With speculation rife about a possible Cabinet reshuffle, Andy Cowper notes that to survive the NHS needs a politician who will listen with an open mind
I’m a cross party consensus Royal Commission on the future funding and sustainability of the NHS: I go on and on for ages, and the government basically ignores me.
I’m broadly sceptical about Royal Commissions and cross party consensus positions on the NHS. However, politics has moved on radically since I last wrote that I thought such a thing was unlikely to happen, two years ago. Many of my assumptions about what were the fixed points in politics were wrong.
I think it’s still quite unlikely, but far less so.
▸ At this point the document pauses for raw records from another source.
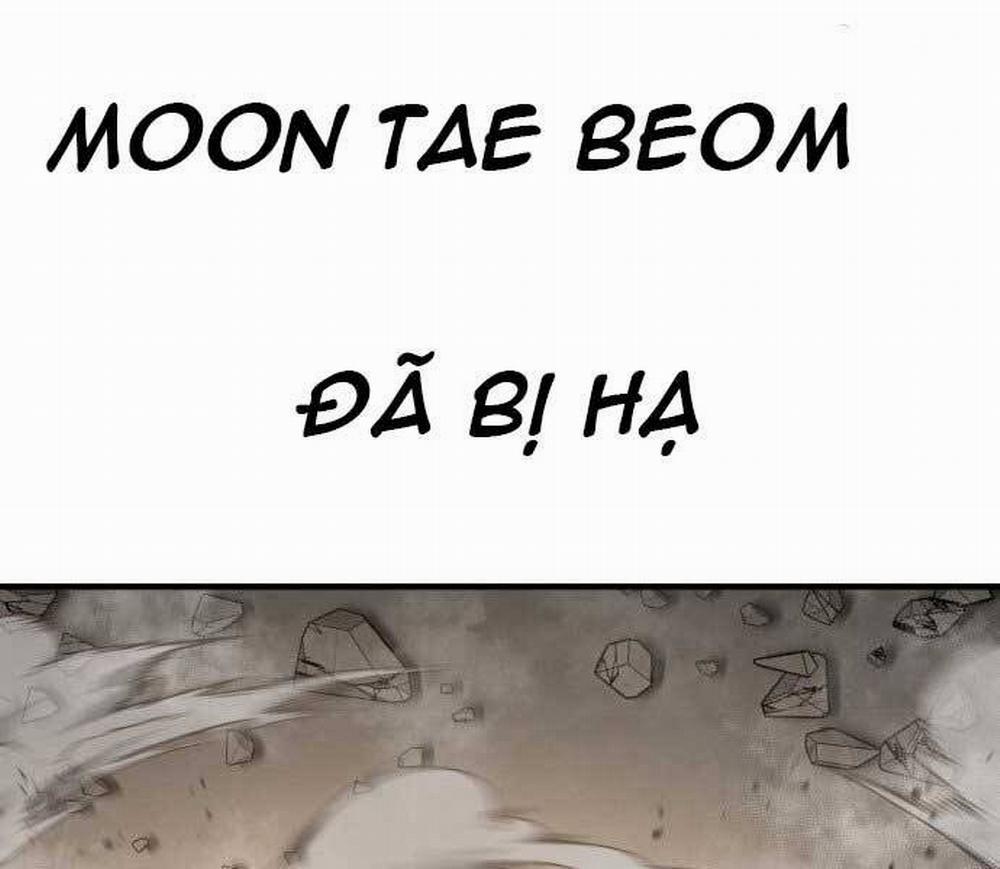 Bố Tôi Là Đặc Vụ 37.5 trang 111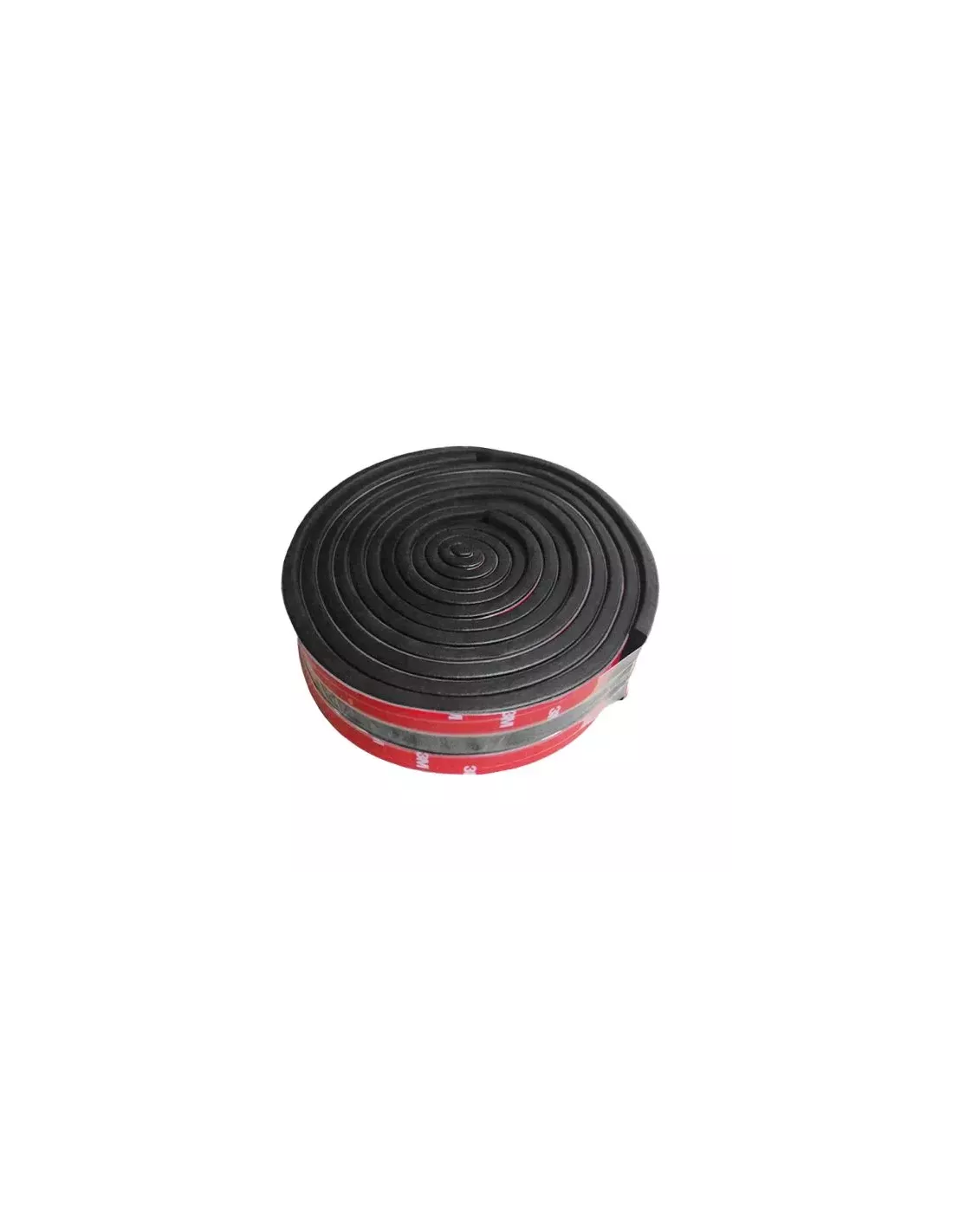 Kopie van Joint de base pour hard top ALPHA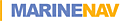 MarineNav Ltd.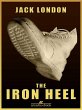 The Iron Heel (eBook, ePUB) - Bild 1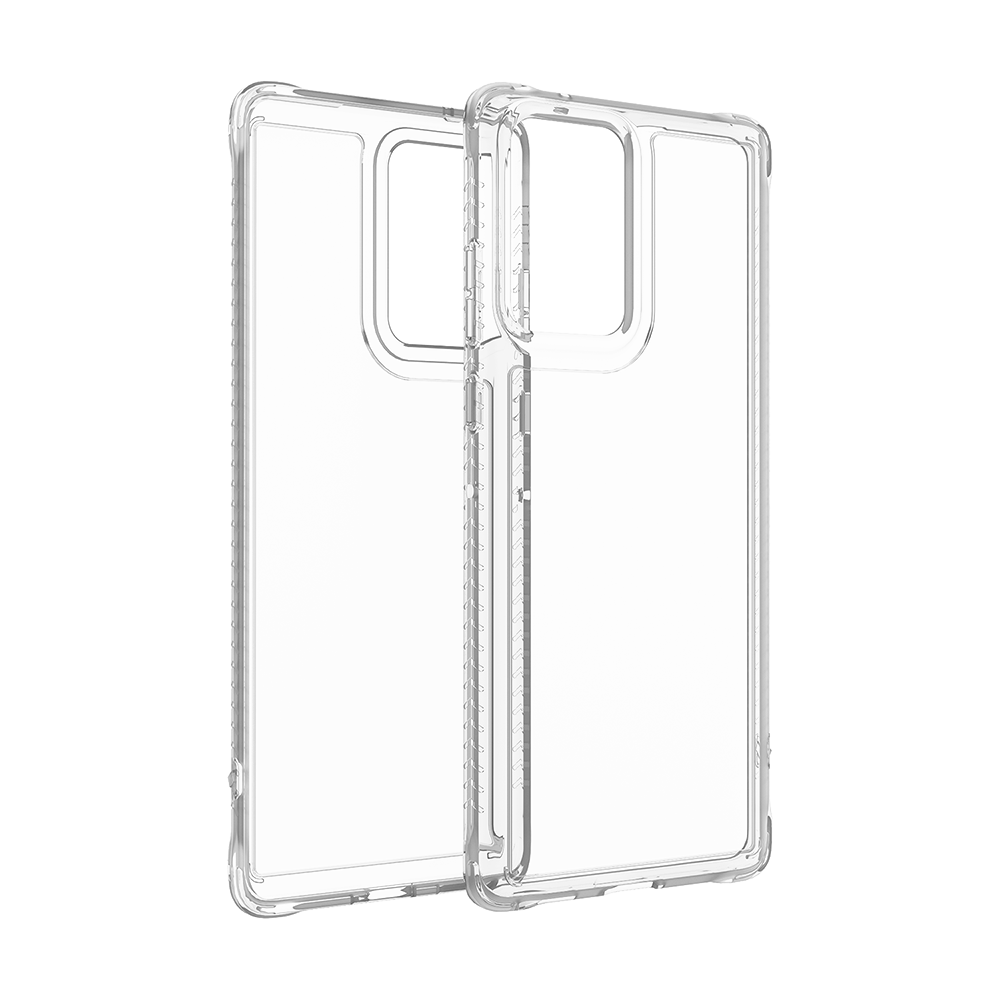 Capa Motorola Edge 50 Fusion
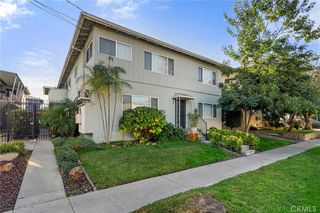 13520 Rye, Sherman Oaks, CA 91423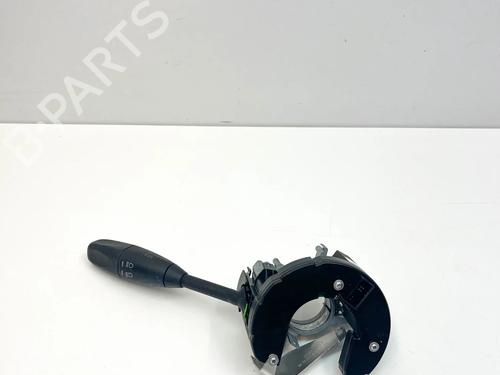 Used Steering column stalk Steering column stalk MERCEDES-BENZ SL (R230) 500 (230.471) (388 hp) 36390870 36390870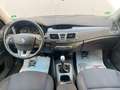 Renault Laguna III Expression *PDC*SHZ * Gri - thumbnail 7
Writing in January 2016, I suggested that “a cross party funding commission on health and social care might get traction if funding issues represented an imminent and significant political challenge to the government.
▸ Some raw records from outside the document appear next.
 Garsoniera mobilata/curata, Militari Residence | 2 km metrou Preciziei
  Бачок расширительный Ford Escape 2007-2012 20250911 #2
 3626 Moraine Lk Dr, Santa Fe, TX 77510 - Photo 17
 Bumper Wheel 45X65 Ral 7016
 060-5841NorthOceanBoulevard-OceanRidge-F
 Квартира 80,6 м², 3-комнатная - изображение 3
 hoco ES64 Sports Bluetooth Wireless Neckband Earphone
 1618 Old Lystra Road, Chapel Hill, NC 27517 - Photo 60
“Thanks to The Fixed Term Parliaments Act and the tacit, uncivil war within the Labour party, this does not seem likely.
“Not yet, anyway”.
A lot has changed in politics since then: Brexit, the general election. Yet even with current performance issues, it still feels as if the NHS is not quite urgent for the government, with Brexit sucking all the political oxygen out of the room.
On the money
The issue of future NHS funding was pushed back up the agenda this week by two significant sources: one formerly close to thinking in the Treasury (its ex-chief civil servant Nick Macpherson), and the other to prime minister Theresa May (her special advisor Nick Timothy).
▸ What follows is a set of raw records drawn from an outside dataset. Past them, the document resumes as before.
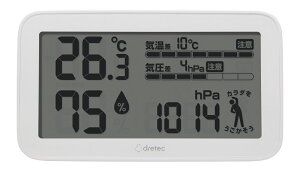 hebN C鉷xv VCde~J^ zCg O-707 WT ydretec  X^h Ǌ| C ω ZtPA x x M  ҏ x \h ΍ ƒ  Qz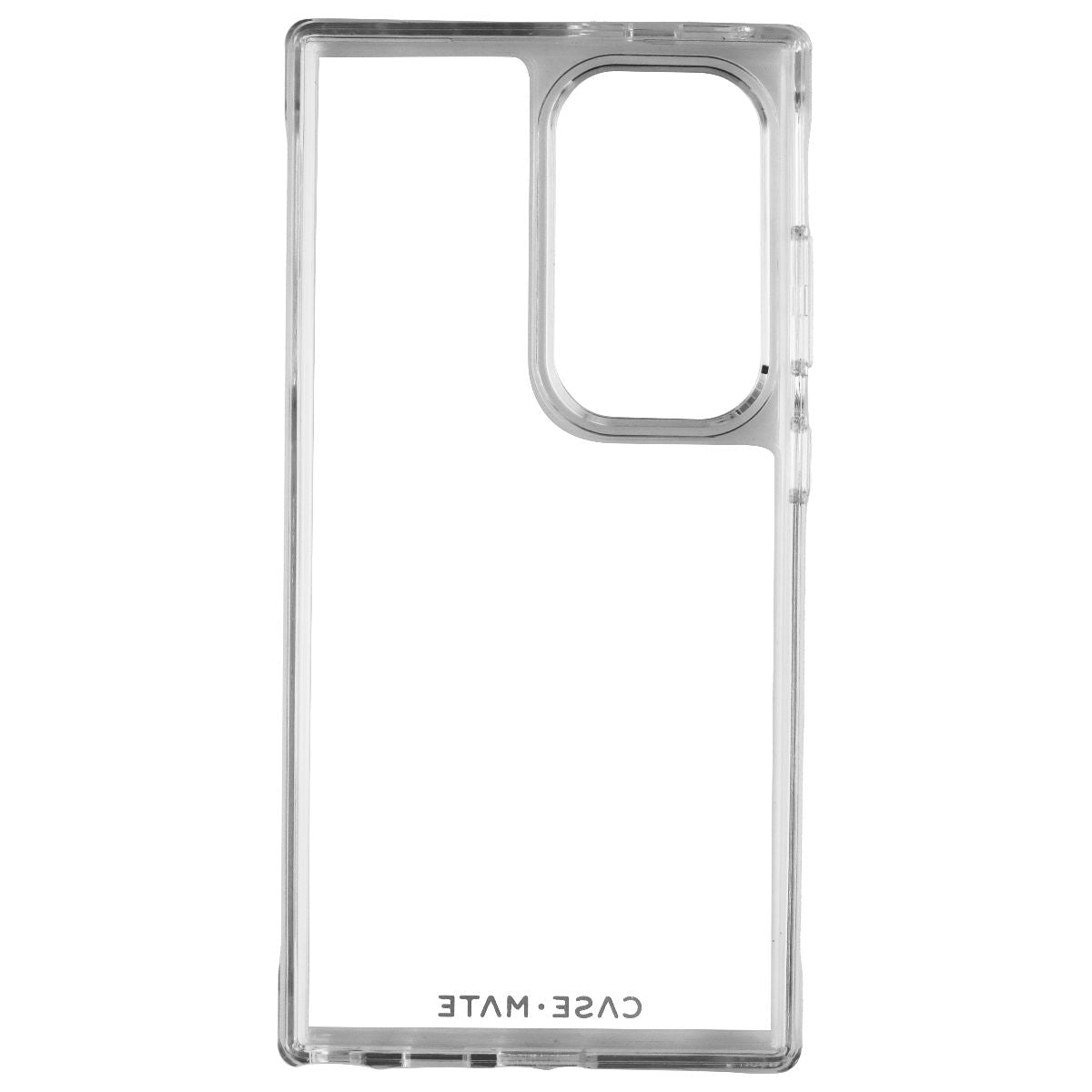 Case-Mate Tough Clear Series Case for Samsung Galaxy S24 Ultra - Clear Cell Phone - Cases, Covers & Skins Case-Mate - Simple Cell Bulk Wholesale Pricing - USA Seller
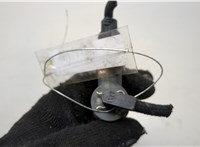 55564218, 0445110326 Форсунка топливная Opel Corsa D 2006-2014 20454872 #4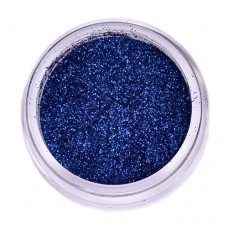 Grimas Cosmoglitter 031 Blue 5 ml
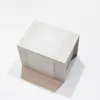 商品画像 2 のサムネイル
Speculation is also rampant that by the time you’re reading this, a Cabinet reshuffle will be under way. Despite his less than subtle manoeuvres in sounding out a possible post Theresa leadership bid, health secretary Jeremy Hunt is strongly tipped to replace Damian Green as first secretary of state and/or minister for the Cabinet office: a role analogous to the deputy prime minister.
It’s a brave or slow learning person who makes predictions about politics these days. I’m still trying to work out which of the two I am (or in what proportions I am both). So here goes.
Takes May to know Hunt
Theresa May and Jeremy Hunt were both “remain” campaigners, who now claim to be converts to the virtues of Brexit. They may even mean it: who knows?
They are dutiful, uninspired home counties Oxbridge educated Conservative MPs: one senses that both got their Conservative politics more by default than by thought.
Neither is likely to win any awards for social ease, but both have proved remarkably resilient in challenging circumstances. Both have perhaps been saved by the lack of any obviously better alternative.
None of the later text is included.